▶ What to produce: Line by line, restate the material word for word, omitting any image.

▶ Dataset extract:
================
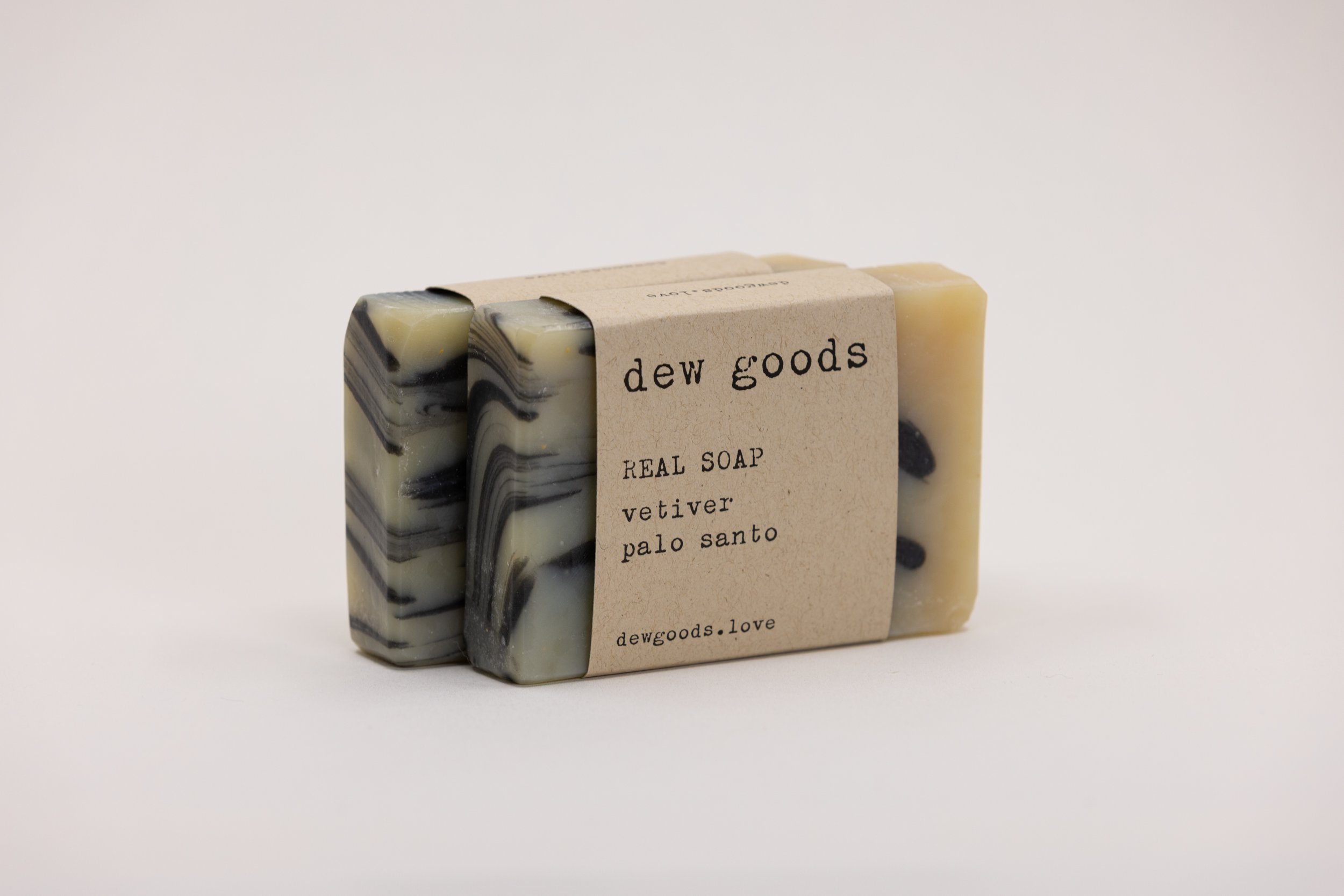 Vetiver Palo Santo_Circle.jpg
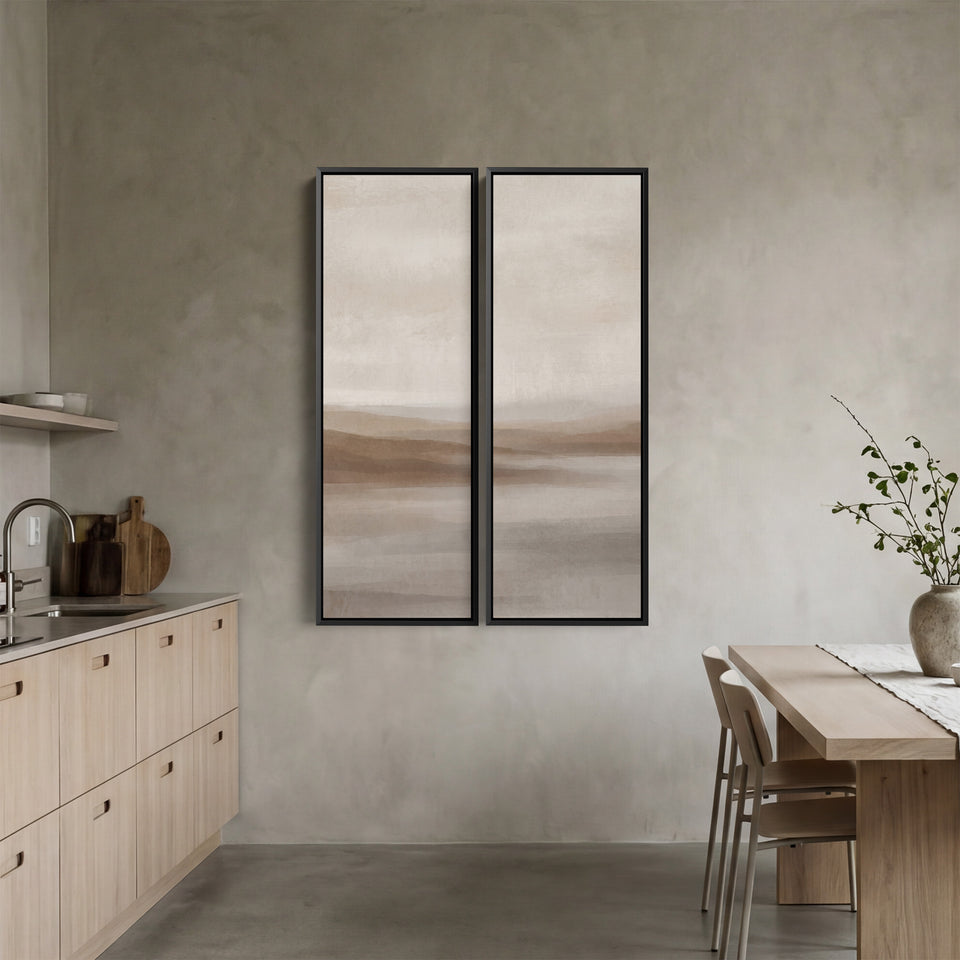 Wanddecoratie in twee delen met vervaagde bruine heuvels boven stilstaand water voor de slaapkamer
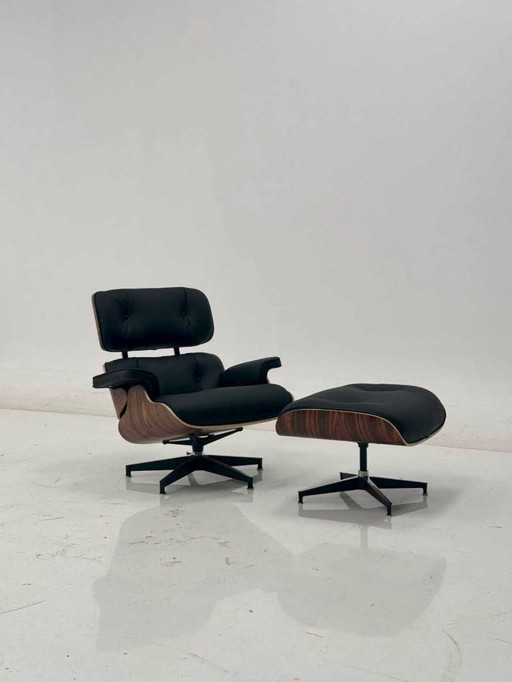 Herman Miller Charles en Ray Eames voor Lounge Chair met voetenbank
================
▶ Task solution:
 Vetiver Palo Santo_Circle.jpg
 Wanddecoratie in twee delen met vervaagde bruine heuvels boven stilstaand water voor de slaapkamer
 Herman Miller Charles en Ray Eames voor Lounge Chair met voetenbank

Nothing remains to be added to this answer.